Wherever a picture appears in the listing below, leave it out and reproduce the rest exactly.

_Excerpted records_

════════════════

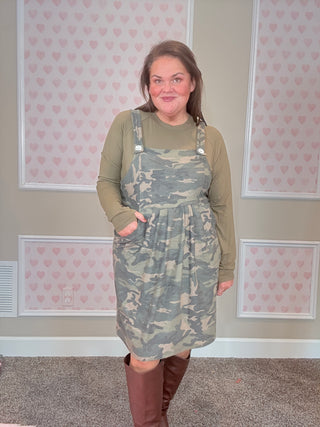 Person wearing a camouflage overall dress in a room with patterned wallpaper.
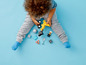 Un enfant joue avec des jouets LEGO DUPLO, dont une pelle mécanique jaune.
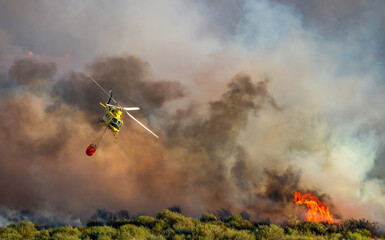 Rauch und riesiger Feuerhintergrund und Hubschrauber mit Bambi-Eimer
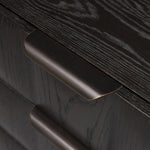 A softened Brutalist take on the traditional nightstand. The monolithic piece’s black oak veneer case sits atop a matching pedestal for an element of exaggeration. A grid pattern with inflated volume adds drama.As enthusiasts of luxe materials at Amethyst, we love the warm modern inspired Swell Nightstand - Dry Black Oak Veneer. Amethyst Home provides interior design, new home construction design consulting, vintage area rugs, and lighting in the San Diego metro area.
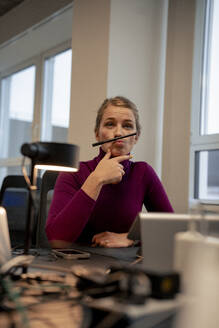 Playful businesswoman balancing pen between nose and lips in office - JOSEF23524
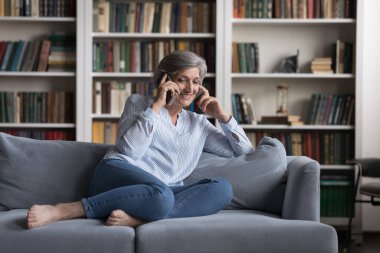 Mutlu, orta yaşlı bir kadın telefon görüşmesi yapıyor..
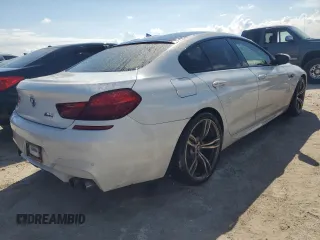 2016 BMW M6 z VIN WBS6E9C55GGF92676, wystawiony jako Copart lot #77663924 z przebiegiem 36 548 mil mil oraz Szkoda całkowita • Salvage title. Historia ofert i sprzedaży dostępna na DreamBid. Obrazek 3.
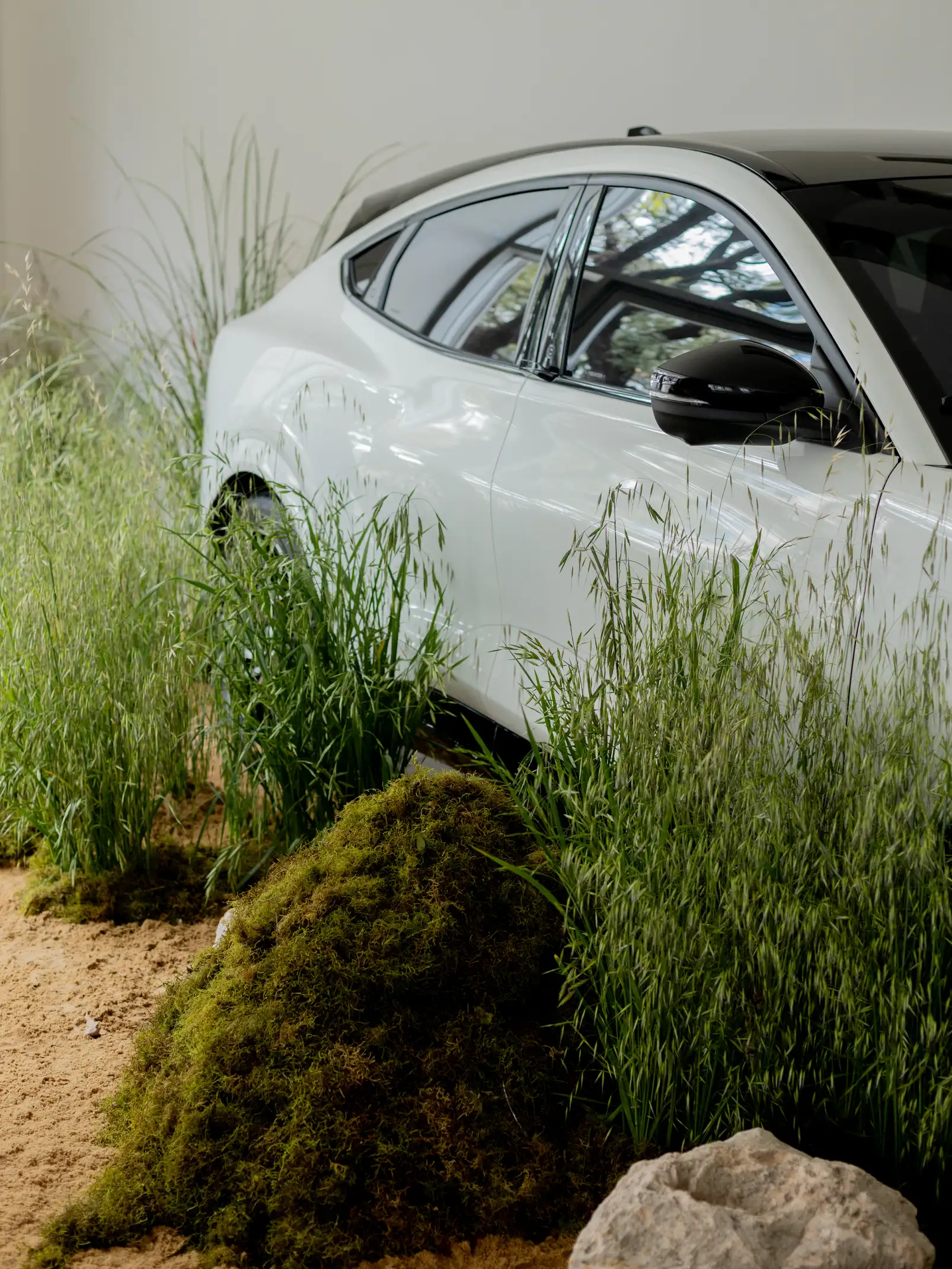 Vista lateral de auto blanco rodeado de hierbas y montículos de musgo en entorno minimalista interior.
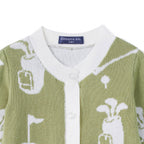 Close-up of a knitted cardigan sweater in sage green and white, featuring golf club and flag motifs, a white ribbed collar, and a visible Swaddle AN brand label.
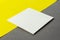 White square blank tear-off note paper on yellow gray background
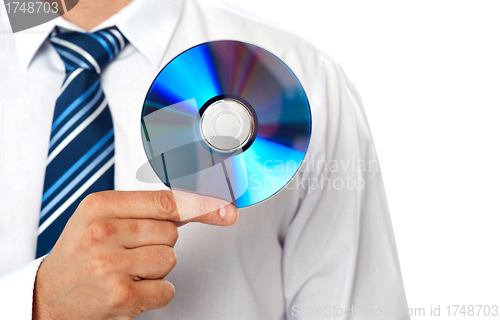 Image of Closeup of a man holding compact disc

════════════════

_Solution_
 Person wearing a camouflage overall dress in a room with patterned wallpaper.
 Un enfant joue avec des jouets LEGO DUPLO, dont une pelle mécanique jaune.
 Rauch und riesiger Feuerhintergrund und Hubschrauber mit Bambi-Eimer
 A softened Brutalist take on the traditional nightstand. The monolithic piece’s black oak veneer case sits atop a matching pedestal for an element of exaggeration. A grid pattern with inflated volume adds drama.As enthusiasts of luxe materials at Amethyst, we love the warm modern inspired Swell Nightstand - Dry Black Oak Veneer. Amethyst Home provides interior design, new home construction design consulting, vintage area rugs, and lighting in the San Diego metro area.
 Playful businesswoman balancing pen between nose and lips in office - JOSEF23524
 Mutlu, orta yaşlı bir kadın telefon görüşmesi yapıyor..
 2016 BMW M6 z VIN WBS6E9C55GGF92676, wystawiony jako Copart lot #77663924 z przebiegiem 36 548 mil mil oraz Szkoda całkowita • Salvage title. Historia ofert i sprzedaży dostępna na DreamBid. Obrazek 3.
 Vista lateral de auto blanco rodeado de hierbas y montículos de musgo en entorno minimalista interior.
 Close-up of a knitted cardigan sweater in sage green and white, featuring golf club and flag motifs, a white ribbed collar, and a visible Swaddle AN brand label.
 White square blank tear-off note paper on yellow gray background
 Image of Closeup of a man holding compact disc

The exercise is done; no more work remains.